* Task requirements
A word-for-word copy of the data is what's wanted, with no pictures.

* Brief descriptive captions
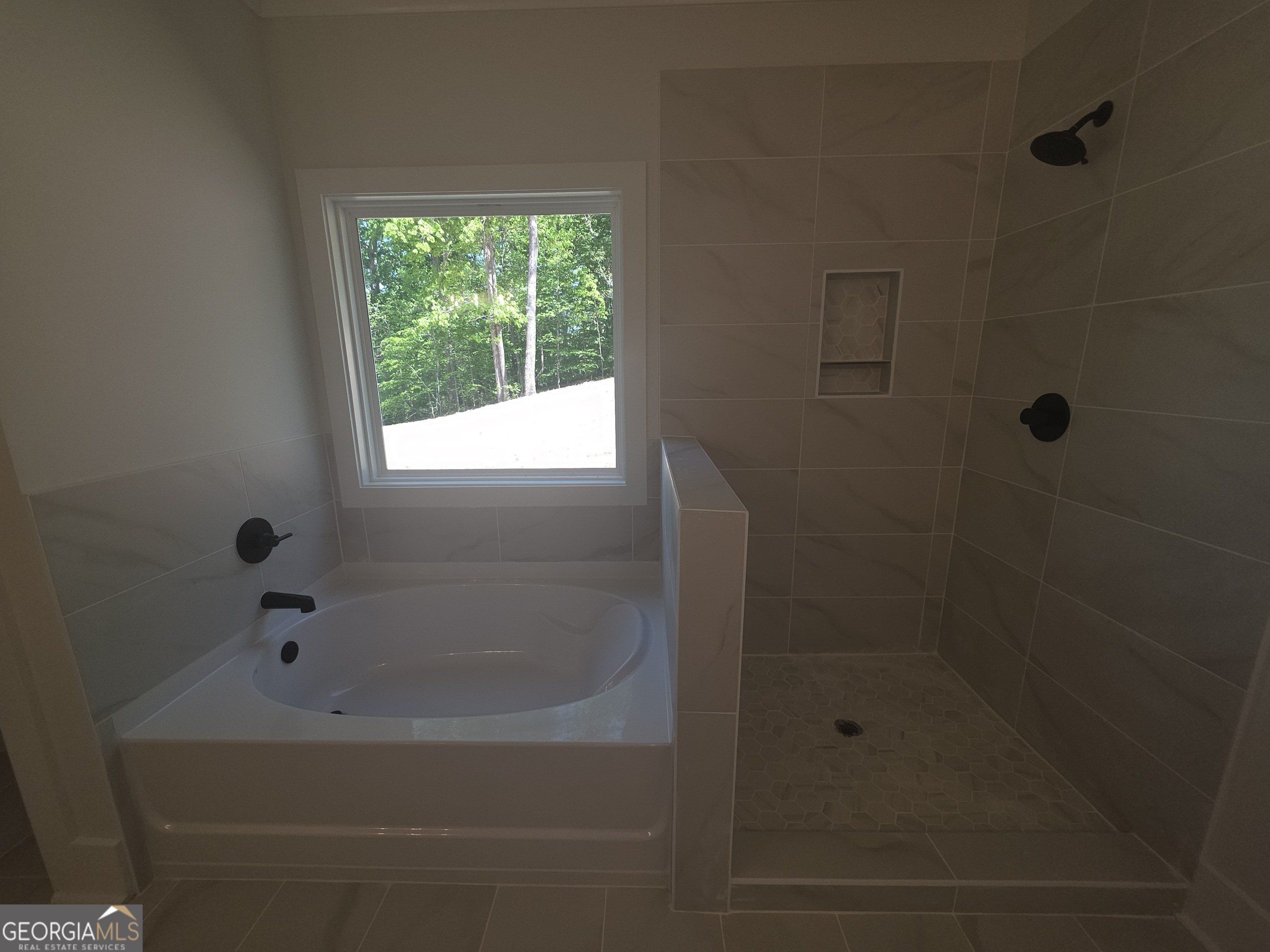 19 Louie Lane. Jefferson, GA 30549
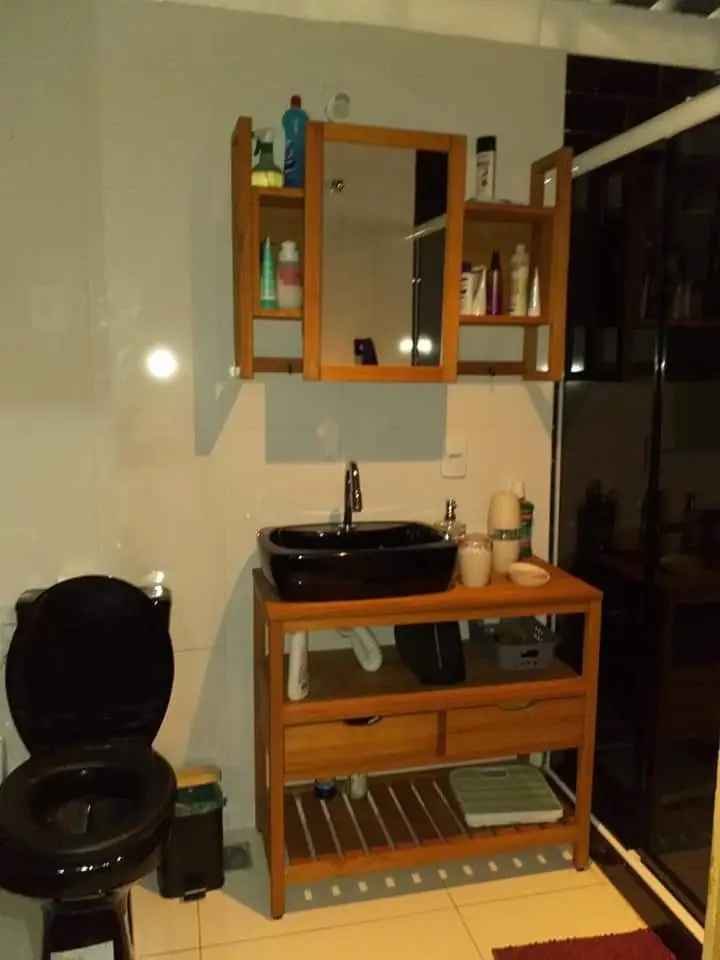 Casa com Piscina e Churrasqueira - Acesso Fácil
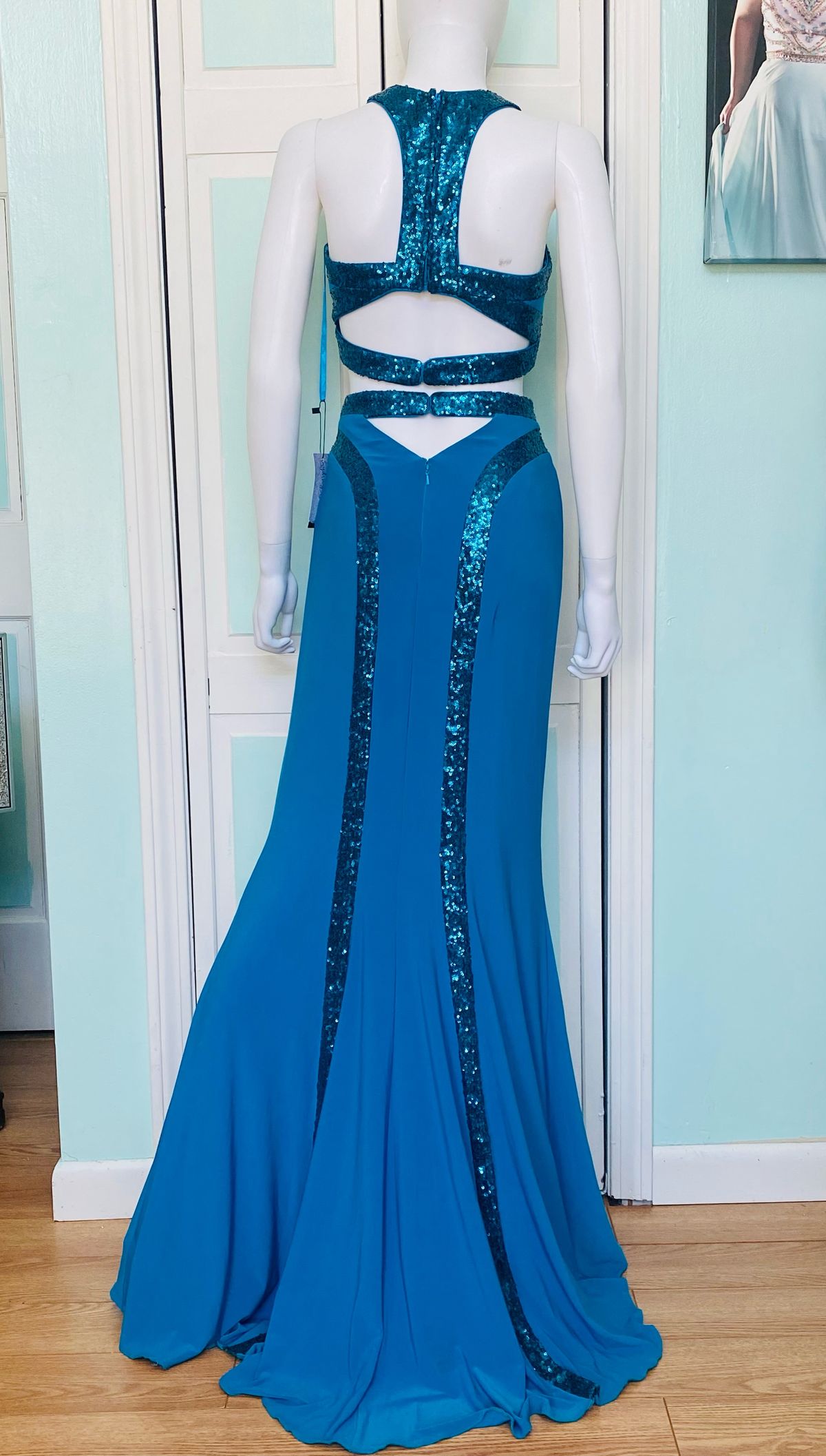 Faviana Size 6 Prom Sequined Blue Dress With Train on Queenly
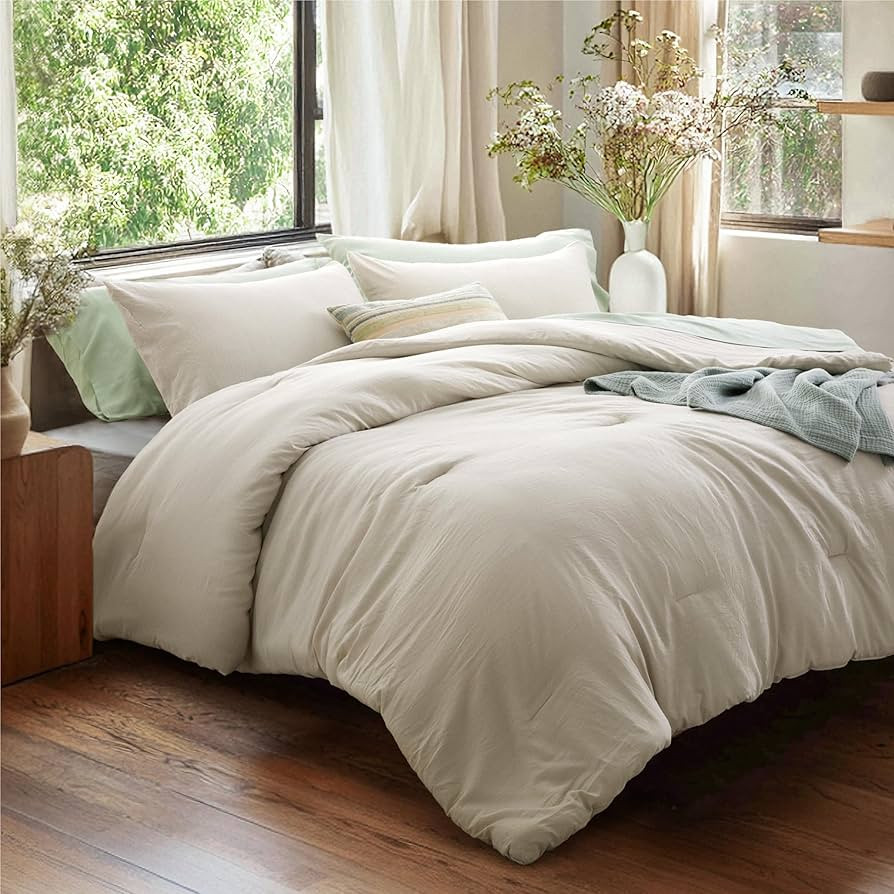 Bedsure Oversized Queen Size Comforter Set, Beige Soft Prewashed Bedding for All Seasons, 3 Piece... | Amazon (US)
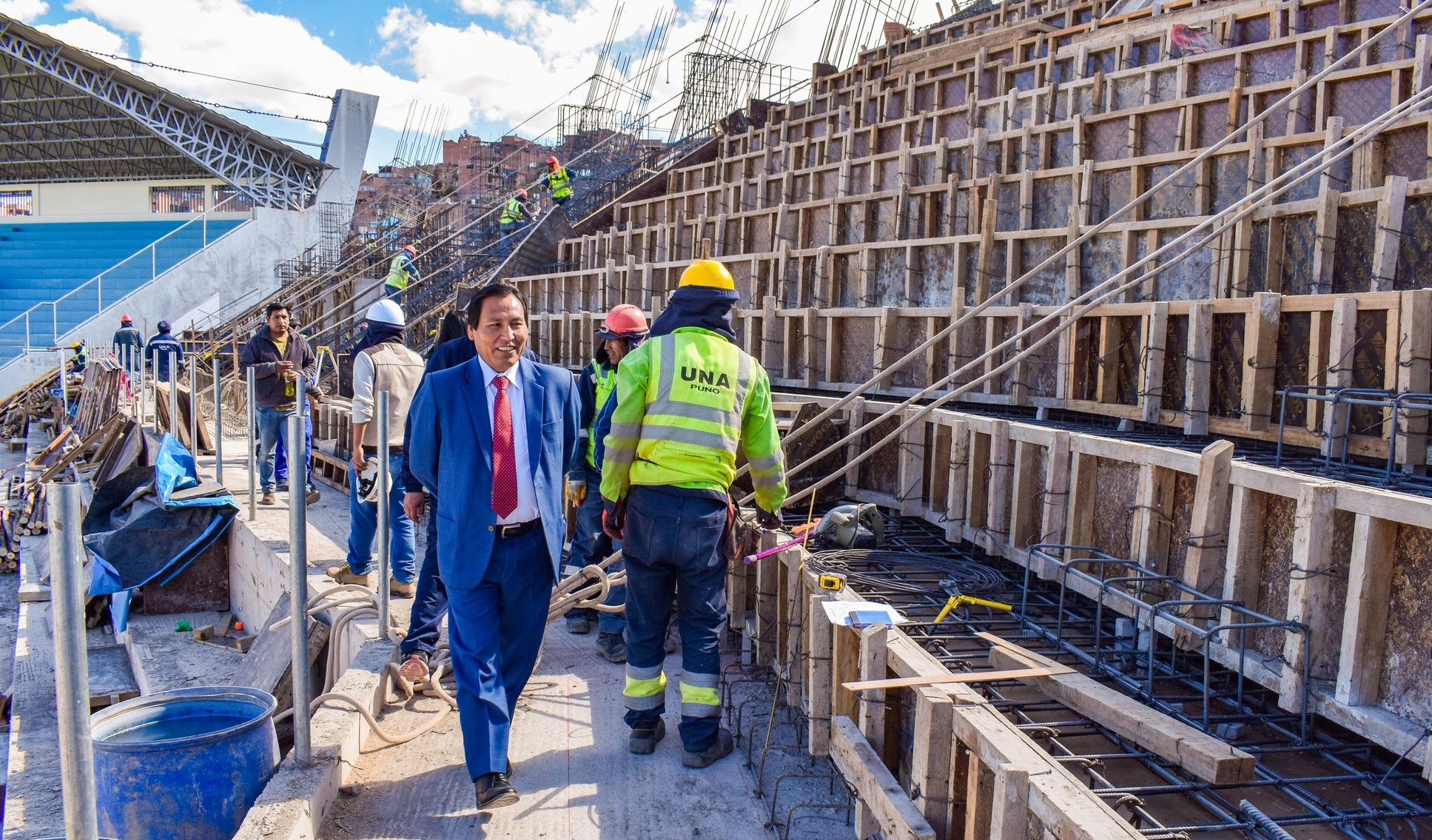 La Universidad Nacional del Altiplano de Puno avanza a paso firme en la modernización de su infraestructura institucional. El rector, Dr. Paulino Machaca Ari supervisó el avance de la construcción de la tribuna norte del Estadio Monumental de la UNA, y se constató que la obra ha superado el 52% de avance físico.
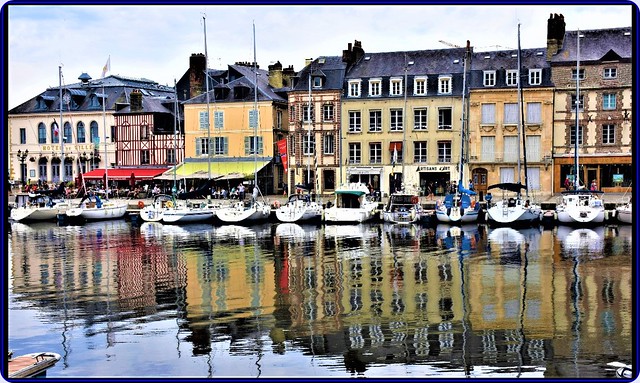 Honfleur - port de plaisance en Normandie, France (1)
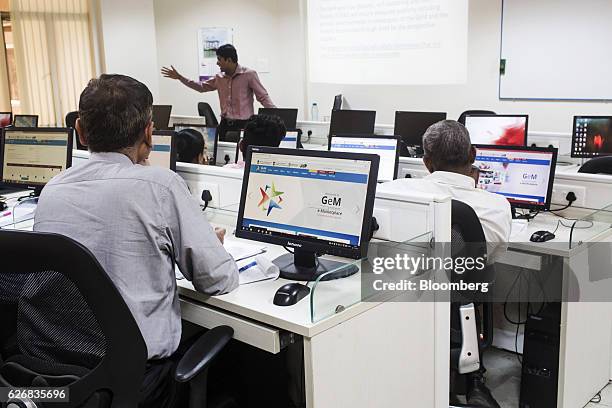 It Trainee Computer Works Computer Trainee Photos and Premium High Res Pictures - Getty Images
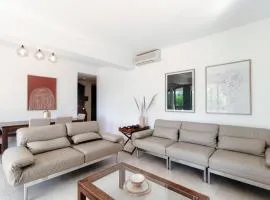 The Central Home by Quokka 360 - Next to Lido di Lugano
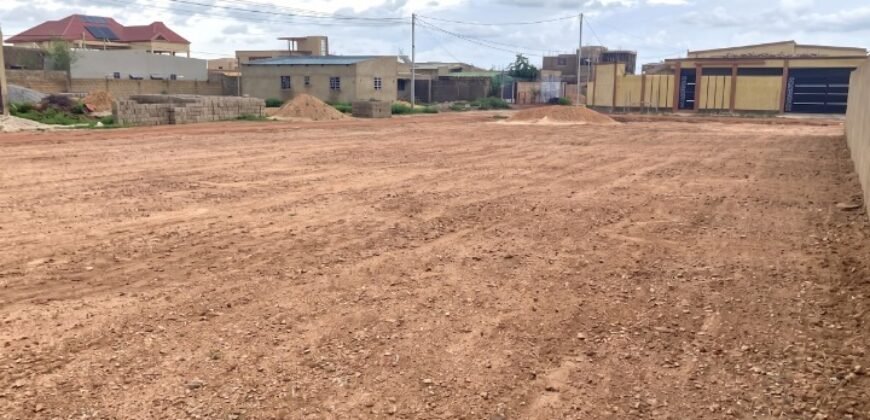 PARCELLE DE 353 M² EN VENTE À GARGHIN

* Output of the exercise
 19 Louie Lane. Jefferson, GA 30549
 Casa com Piscina e Churrasqueira - Acesso Fácil
 Faviana Size 6 Prom Sequined Blue Dress With Train on Queenly
 Bedsure Oversized Queen Size Comforter Set, Beige Soft Prewashed Bedding for All Seasons, 3 Piece... | Amazon (US)
 La Universidad Nacional del Altiplano de Puno avanza a paso firme en la modernización de su infraestructura institucional. El rector, Dr. Paulino Machaca Ari supervisó el avance de la construcción de la tribuna norte del Estadio Monumental de la UNA, y se constató que la obra ha superado el 52% de avance físico.
 Honfleur - port de plaisance en Normandie, France (1)
 It Trainee Computer Works Computer Trainee Photos and Premium High Res Pictures - Getty Images
 The Central Home by Quokka 360 - Next to Lido di Lugano
 PARCELLE DE 353 M² EN VENTE À GARGHIN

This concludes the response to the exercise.